Tanu Gago is an award-winning photographer, interdisciplinary artist, and filmmaker. He has spent the past ten years invested in cultivating the unique and important voices of artists and activists within the queer Indigenous space and remains committed to supporting and preserving pathways for future generations.
Let me just say, I’m a fangirl hard! I’ve followed Tanu’s mahi from a distance and have drooled over the epic mahi that has been produced by the powerhouse collective FAFSWAG. It was an absolute honour for me to share space with Tanu one afternoon in Mt Wellington. In this interview, we reflect on past projects and address the politics of the art industry through our own lived experiences.
Israel Randell (IR): So you probably need no introduction but who are you and where are you from?

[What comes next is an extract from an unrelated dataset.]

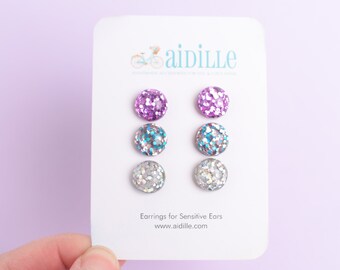 Confetti Glitter Earring Set,  Titanium Stud Set, Resin Multi Pack Earrings, Little Sparkly 12mm Circles, Silver Multi Purple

Tanu Gago (TG): Talofa lava, My name is Tanu Gago. I am a Samoan immigrant living in Tāmaki Makaurau, Aotearoa New Zealand. I work mostly as an arts producer. That's a formal title, but outside of that, my creative practice is around image-making. It's probably the easiest way to summarize the different forms I like to make images in, because they're quite varied from photography, to moving image, to film, to just weird Photoshop things. I'm currently living in Mount Wellington with my partner Pati and my niece Lauren. And we've been here for four years, but prior to that I lived in Papatoetoe and I grew up in Mangere. I did my high school in Tonga but spent predominantly most of my life living in the North Island.

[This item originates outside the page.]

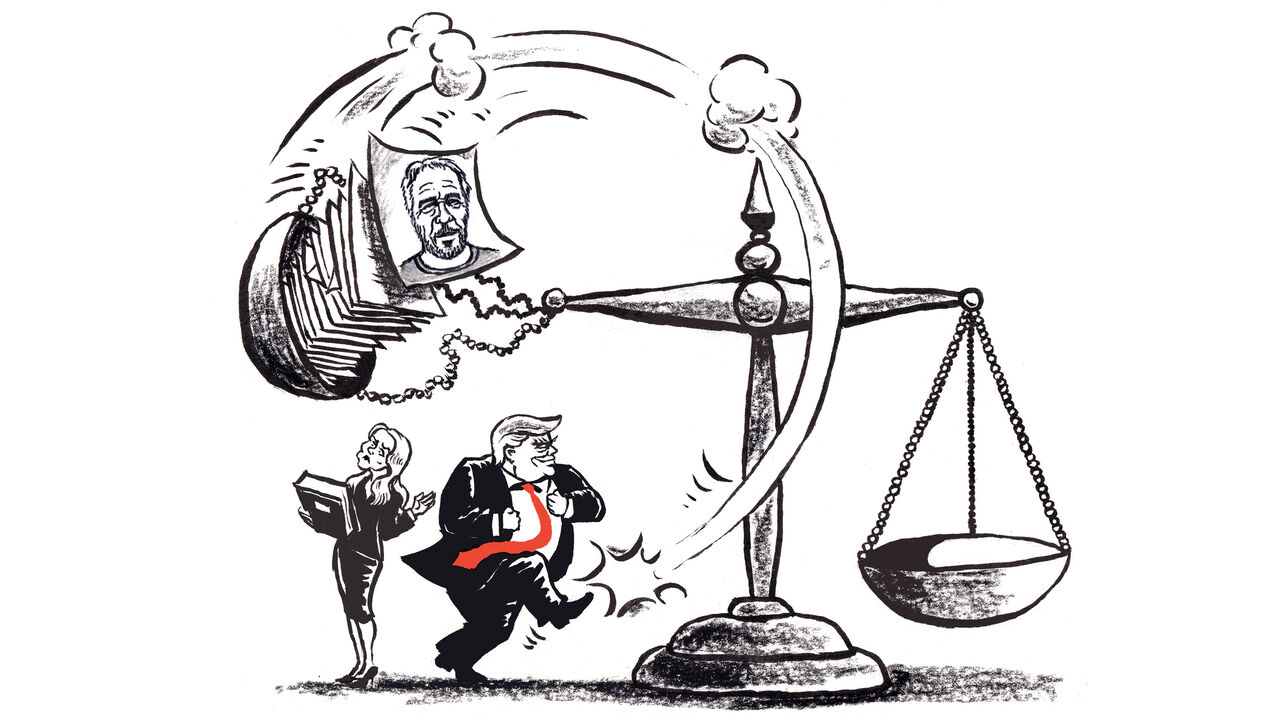 Donald Trump kicking the Epstein files off of the scale of Justice.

IR: I guess this project came about to talk about disrupting the narrative but within that, I’ve learnt a lot about how this can be problematic, what are your thoughts?

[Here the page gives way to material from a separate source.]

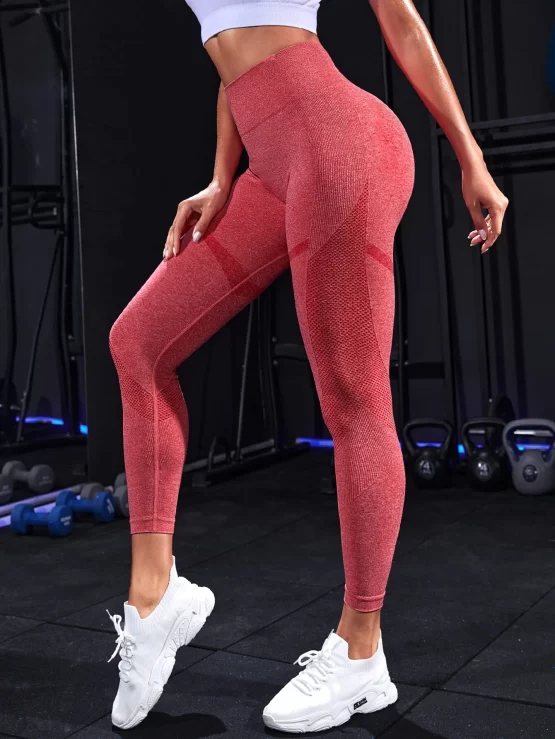 Color Block Wide Waistband Sports Leggings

TG: I always think about how the art world seems to co-opt disruptive ideas. Disruption itself has become this commodity which is kind of predetermined. You can set parameters for disruption. You can make it clean-cut or in service of an ideal. Whereas when we talk about it on a community level, we're talking about the collapse of those formal structures. And so what's in our minds when we go into working with art spaces or creative spaces, is that we will, at some point, have a conversation with the people who manage those spaces about dismantling some of the structures and guidelines they will set on how far we can go. Sometimes we listen and sometimes we don't. Sometimes we take people to their absolute fucking limits. You can see the regret on their face when they're in the gallery like, "Oh my God, what have we done?" And we look at them like, "Well, we're just doing what you asked us to do, and this is what it looks like." But I think I've, just in recent years, wanted to move away from some of that commodity because it's kind of turned into this real stale rhetoric about what it looks like, or what it seemingly appears like, for people who are considered 'other' to inhabit contemporary and mainstream space.
IR: I feel like that can be so traumatising.
TG: And it's a super exhausting conversation because you're like, "Well, we inhabit space in general. We're not having a brain exercise every time we're in a space about how controversial that is, or how disruptive it might seem to other people. We're just existing." And that's something I'm more interested in as a creative. I really just want to start taking a closer look at these different states of being without having to put so much responsibility on them to perform and function.
There's this line that I wrote in 2017 for the show Femslick, which was created by Akashi Fisiinaua. We were freestyling one late night into the early hours around how to write a description for the show. And I wrote this line that I have kind of come to regret, where we talk about FAFSWAG's agenda. The line was “FAFSWAG's agenda is to fuck up the patriarchy one Caucasian space at a time.” And this fucking line has come to define everything about what we get asked from the art world and what we get asked from journalists and media people. And Akashi was featured in a Vice documentary about the underground ballroom scene, where she used the description for her show to talk about FAFSWAG's agenda. And it has become one of the most quoted lines in all of our collective practices.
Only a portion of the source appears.